▶ _Provided records_:
------------------------

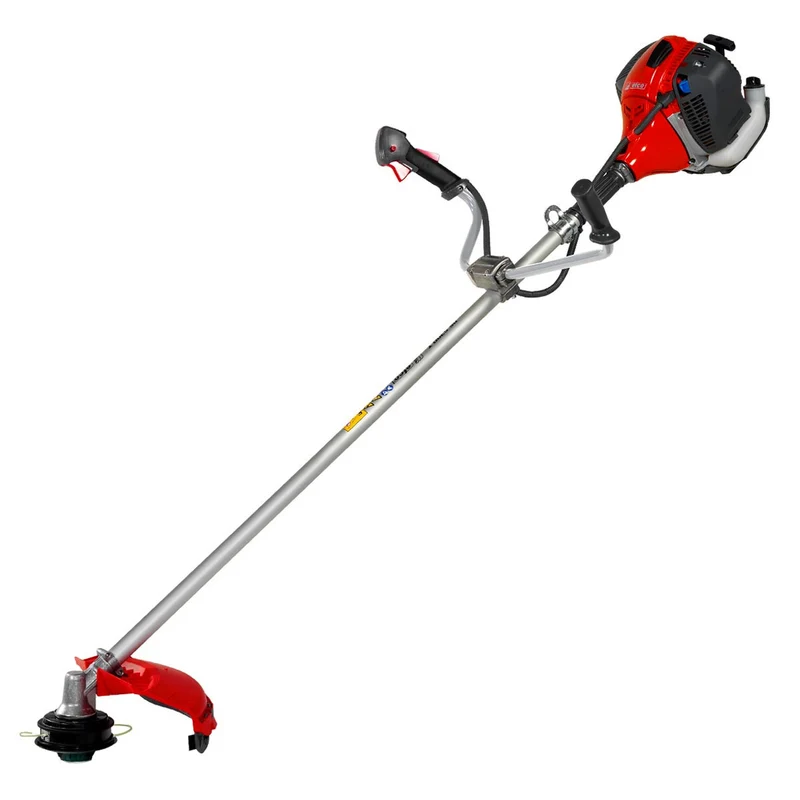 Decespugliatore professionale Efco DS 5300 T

------------------------

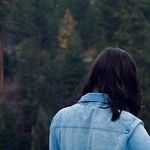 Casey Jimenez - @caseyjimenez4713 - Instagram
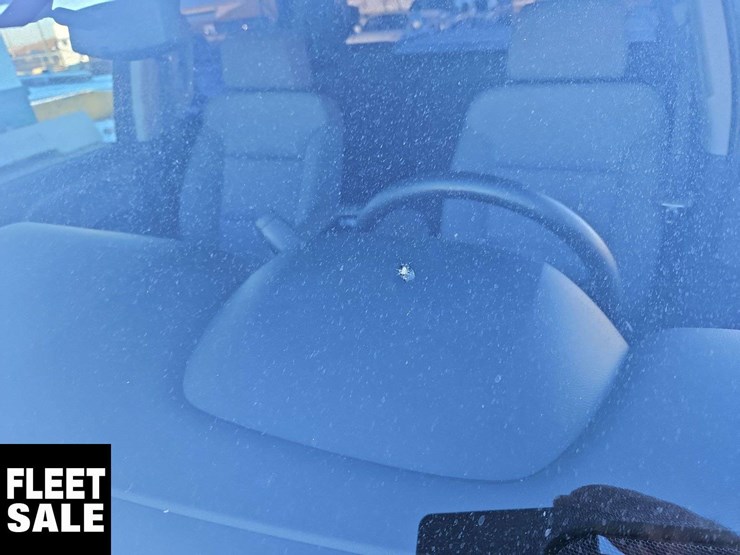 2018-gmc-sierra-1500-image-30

------------------------

▶ _What you need to do_:
Transcribe exactly the lines above, beginning at the one with "Casey Jimenez - @caseyjimenez4713" and going up to and including the one with "2018-gmc-sierra-1500-image-30". Pictures do not belong in the copy.

▶ _Solution_:
 Casey Jimenez - @caseyjimenez4713 - Instagram
 2018-gmc-sierra-1500-image-30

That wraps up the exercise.